Method of controlling gloss
Abstract
The present teachings provide a fusing method and system of tuning gloss level on a copy substrate. The method includes obtaining an image forming apparatus for forming images on a recording medium including a charge-retentive surface to receive an electrostatic latent image thereon. The method includes applying toner to the charge-retentive surface to develop an electrostatic latent image to form a developed image on the charge-retentive surface. The developed image is transferred from the charge retentive surface to a copy substrate. The toner images are fused to a surface of the copy substrate. The gloss is adjusted on the copy substrate by providing a fuser member having a surface layer a fluoroplastic matrix having dispersed therein aerogel particles wherein the greater a weight percent of the aerogel particles in the fluoroplastic matrix the lower the gloss.
Claims
exact text as granted — not AI-modifiedWhat is claimed is:
1. A method of tuning gloss level on a copy substrate comprising:
obtaining an image forming apparatus for forming images on a recording medium comprising a charge-retentive surface to receive an electrostatic latent image thereon;
applying toner to the charge-retentive surface to develop an electrostatic latent image to form a developed image on the charge-retentive surface;
transferring the developed image from the charge retentive surface to a copy substrate;
fusing toner images to a surface of the copy substrate;
adjusting gloss on the copy substrate by providing a fuser member having a surface layer comprising a fluoroplastic matrix having dispersed therein aerogel particles wherein the greater a weight percent of the aerogel particles in the fluoroplastic matrix the lower the gloss.

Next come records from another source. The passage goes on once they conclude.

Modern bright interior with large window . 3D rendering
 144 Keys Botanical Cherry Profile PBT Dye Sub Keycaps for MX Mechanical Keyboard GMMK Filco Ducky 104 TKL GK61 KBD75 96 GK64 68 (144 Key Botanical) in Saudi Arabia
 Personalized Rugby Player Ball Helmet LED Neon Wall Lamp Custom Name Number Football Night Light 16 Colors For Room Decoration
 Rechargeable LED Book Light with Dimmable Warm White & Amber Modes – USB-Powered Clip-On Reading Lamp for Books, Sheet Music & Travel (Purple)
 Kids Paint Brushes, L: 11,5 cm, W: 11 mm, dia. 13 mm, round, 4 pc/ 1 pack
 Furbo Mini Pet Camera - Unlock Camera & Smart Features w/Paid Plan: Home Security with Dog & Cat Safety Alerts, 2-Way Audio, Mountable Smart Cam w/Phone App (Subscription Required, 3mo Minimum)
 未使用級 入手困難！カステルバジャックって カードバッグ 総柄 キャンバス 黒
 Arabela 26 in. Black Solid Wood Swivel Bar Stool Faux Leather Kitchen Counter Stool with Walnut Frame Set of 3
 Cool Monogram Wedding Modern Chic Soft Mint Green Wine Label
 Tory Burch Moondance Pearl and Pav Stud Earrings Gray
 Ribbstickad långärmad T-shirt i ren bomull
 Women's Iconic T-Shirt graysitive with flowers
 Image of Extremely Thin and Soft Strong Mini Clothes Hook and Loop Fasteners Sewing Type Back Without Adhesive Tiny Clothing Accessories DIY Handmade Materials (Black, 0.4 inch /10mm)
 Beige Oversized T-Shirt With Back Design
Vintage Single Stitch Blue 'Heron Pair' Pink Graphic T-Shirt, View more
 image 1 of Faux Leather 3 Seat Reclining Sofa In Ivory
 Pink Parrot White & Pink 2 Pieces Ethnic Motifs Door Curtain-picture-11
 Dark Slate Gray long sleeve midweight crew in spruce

2. The method of claim 1 , wherein the fluoroplastic matrix is selected from the group consisting of polytetrafluoroethylene (PTFE); perfluoroalkoxy polymer resin (PFA); copolymer of tetrafluoroethylene (TFE) and hexafluoropropylene (HFP); copolymers of hexafluoropropylene (HFP) and vinylidene fluoride (VDF or VF2); terpolymers of tetrafluoroethylene (TFE), vinylidene fluoride (VDF), and hexafluoropropylene (HFP); and tetrapolymers of tetrafluoroethylene (TFE), vinylidene fluoride (VF2), and hexafluoropropylene (HFP).
3. The method of claim 1 , wherein the aerogel particles are selected from the group consisting of silica, carbon, alumina, titania and zirconia.
4. The method of claim 1 , wherein the aerogel particles comprise a surface area of from about 400 m 2 /g to about 1000 m 2 /g.
5. The method of claim 1 , wherein the aerogel particles comprise a particle size of from about 1 μm to about 100 μm.
6. The method of claim 1 , wherein the aerogel particles have been surface treated with a functional group selected form the group consisting of alkylsilane, alkylchlorosilane, alkylsiloxane, polydimethylsiloxane, aminosilane and methacrylsilane.
7. The method of claim 1 , wherein the weight percent of aerogel particles in the fluoroplastic matrix is from about 0.1 weight percent to about 10 weight percent.
8. The method of claim 1 , wherein the weight percent of aerogel particles in the fluoroplastic matrix is from about 0.1 weight percent to about 2.5 weight percent.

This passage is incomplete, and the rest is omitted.